The material below holds a span beginning at the line with "Salah satu toko" and ending at the line with "#holotaco #holotacoxsafiya #holotacoxsafiyavol2". Quote that span exactly, both ends included, and only that span.

§ **Data records**:

::::

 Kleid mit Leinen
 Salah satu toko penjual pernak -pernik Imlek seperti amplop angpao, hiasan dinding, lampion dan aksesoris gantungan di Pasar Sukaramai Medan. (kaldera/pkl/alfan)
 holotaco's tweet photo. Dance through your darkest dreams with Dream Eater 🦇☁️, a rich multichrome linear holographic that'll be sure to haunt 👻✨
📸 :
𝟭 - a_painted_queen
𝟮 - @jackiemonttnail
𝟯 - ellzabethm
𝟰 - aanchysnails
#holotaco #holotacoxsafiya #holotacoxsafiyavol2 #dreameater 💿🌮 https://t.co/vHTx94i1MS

::::

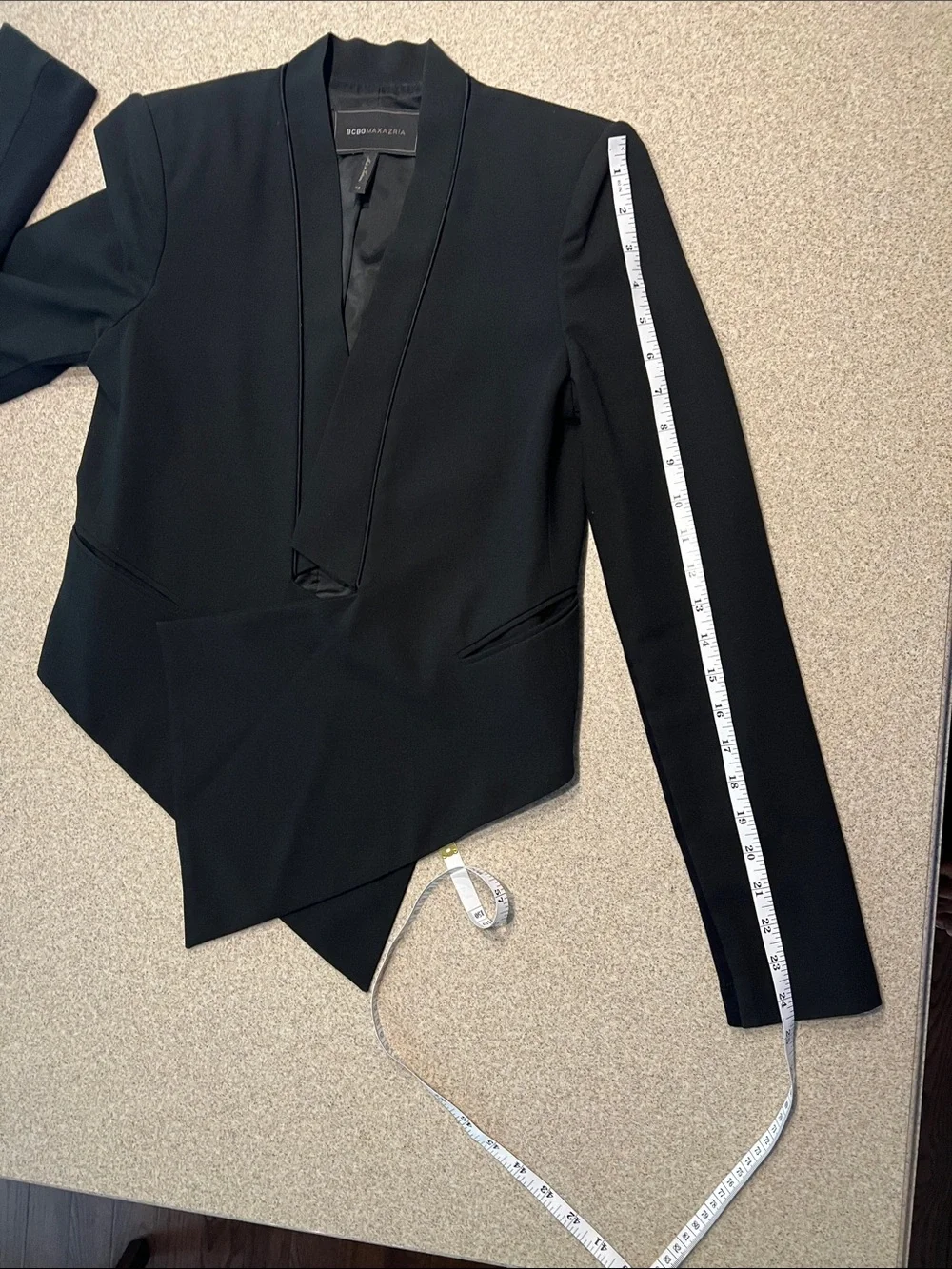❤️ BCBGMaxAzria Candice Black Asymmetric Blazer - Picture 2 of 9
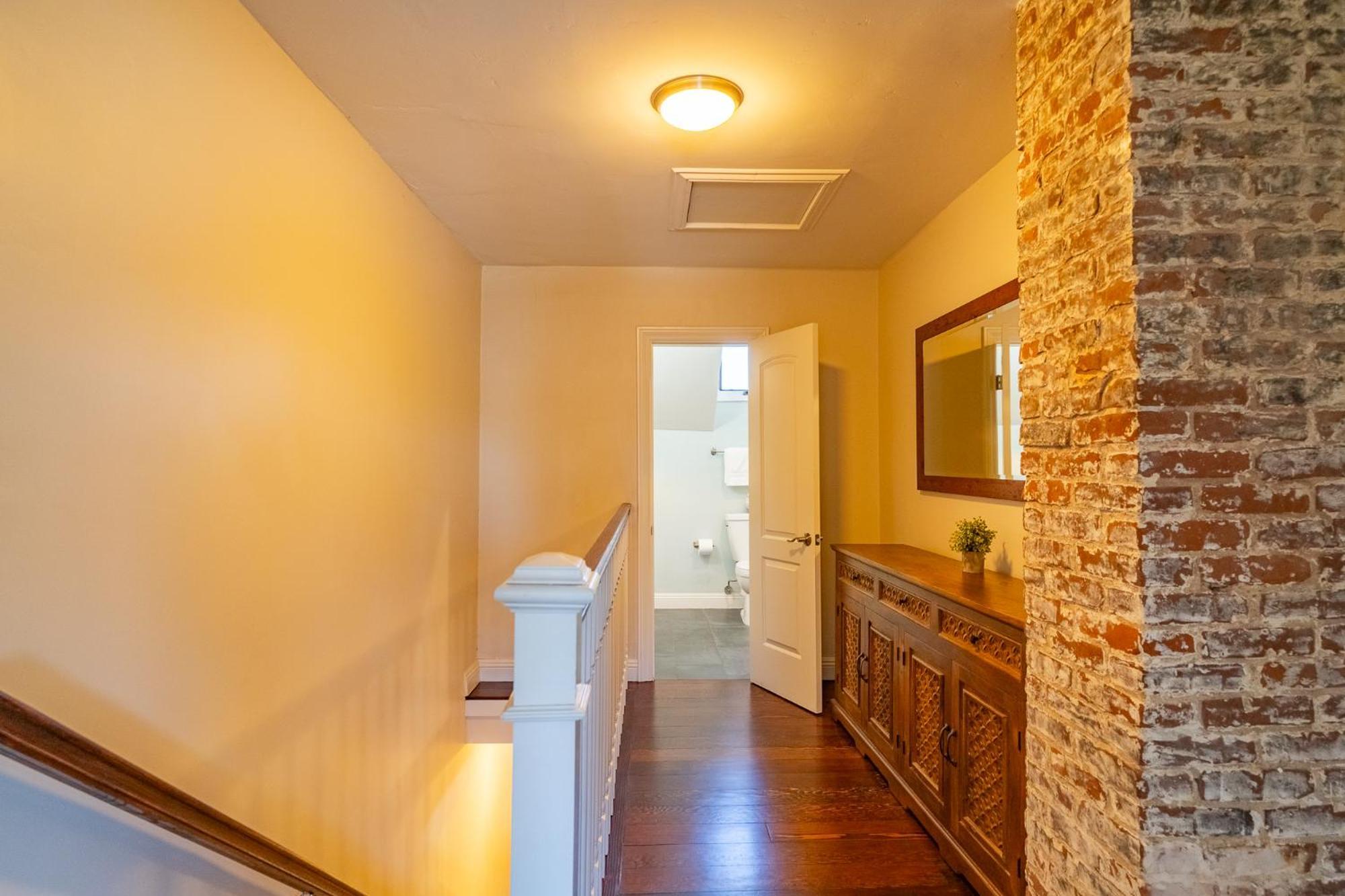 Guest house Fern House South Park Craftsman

::::

§ **Answer section**:
 Salah satu toko penjual pernak -pernik Imlek seperti amplop angpao, hiasan dinding, lampion dan aksesoris gantungan di Pasar Sukaramai Medan. (kaldera/pkl/alfan)
 holotaco's tweet photo. Dance through your darkest dreams with Dream Eater 🦇☁️, a rich multichrome linear holographic that'll be sure to haunt 👻✨
📸 :
𝟭 - a_painted_queen
𝟮 - @jackiemonttnail
𝟯 - ellzabethm
𝟰 - aanchysnails
#holotaco #holotacoxsafiya #holotacoxsafiyavol2 #dreameater 💿🌮 https://t.co/vHTx94i1MS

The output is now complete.